Elle s'appelle Irma. Irma von Scheliha.
Elle est allemande et habite une maisonnette toute simple à Formentera.
Pour moi, c'était une période
de misère matérielle et une joie sans pareil d'être
installé sur cette île depuis déjà un an. J'habitais
avec Gigi, une allemande avec ses deux enfants. Nous survivions de petits
boulots et mangions des spaghetti sans sauce pendant deux mois. Je peignais
des façades, Gigi faisait des ménages. Gigi fut malade et
ne put honorer un de ses ménages. Je lui proposai de la remplacer.
C'est ainsi qu'un jour, je sonnai à la porte d'Irma. "Halli-hallo"
répondit une voix grave derrière la porte. Surprise
pour chacun. Elle s'attendant à trouver Gigi et découvrant
un jeune chevelu barbu. Moi, j'eus presque peur en découvrant
ce visage buriné et tissé de rides profondes. Je lui
expliquai le pourquoi de ma présence et elle accepta aussitôt
que je fisse le ménage chez elle. Nous échangeâmes
en anglais car je ne parlais pas encore allemand.
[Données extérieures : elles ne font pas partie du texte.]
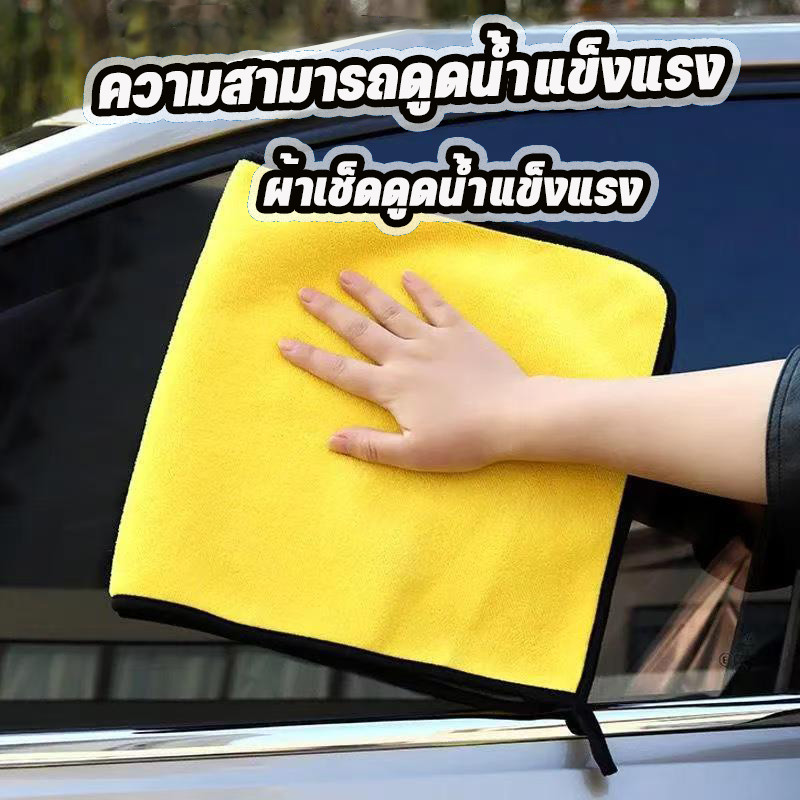 ผ้าเช็ดสัตว์เลี้ยง、ใหญ่ที่สุด【140*70 CM】ผ้าเช็ดขนสัตว์เลี้ยงหมาผ้าเช็ดขนสัตว์ เช็ดขนแมวสุนัข ผ้าไมโครไฟเบอร์、ซับน้ำได้ดี - รูปที่ 2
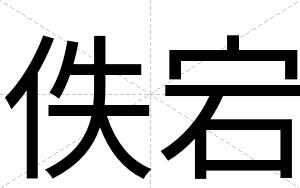 佚宕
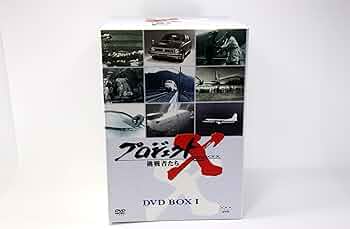 Amazon.co.jp: プロジェクトX 挑戦者たち DVD BOX I : DVD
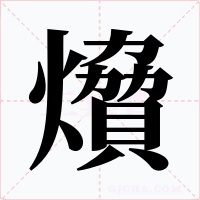 燲字字形
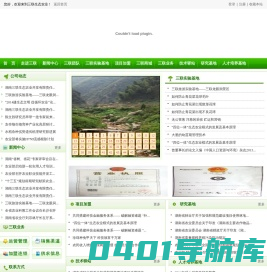 湖南三联生态农业开发有限责任公司|生态农业|生态农产品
Après le ménage qui durait à peu près
une heure, elle nous fit du thé et sortit des petits gâteaux.
C'est ce même premier jour qu'elle commença à
me raconter sa vie. Cela prit deux heures et ce fut ainsi pendant
toute l'année où je fis son ménage.
De petite noblesse prussienne, elle avait été mariée
sans choisir son mari, lequel habitait en Afrique du Sud. Elle partit
donc sur un paquebot pour le rejoindre, découvrir que c'était
un parfait enfoiré qui la battait et la prenait pour une servante.
Elle endura ça quatre ans et décida de s'enfuir. Lui,
notable local aurait eu tôt fait de la faire arrêter si
elle avait pris un moyen de transport officiel. Elle traversa alors
seule l'Afrique jusqu'au Congo d'où elle put rejoindre l'Allemagne.
Puis la guerre, elle réussit à s'enfuir aux Etats-Unis.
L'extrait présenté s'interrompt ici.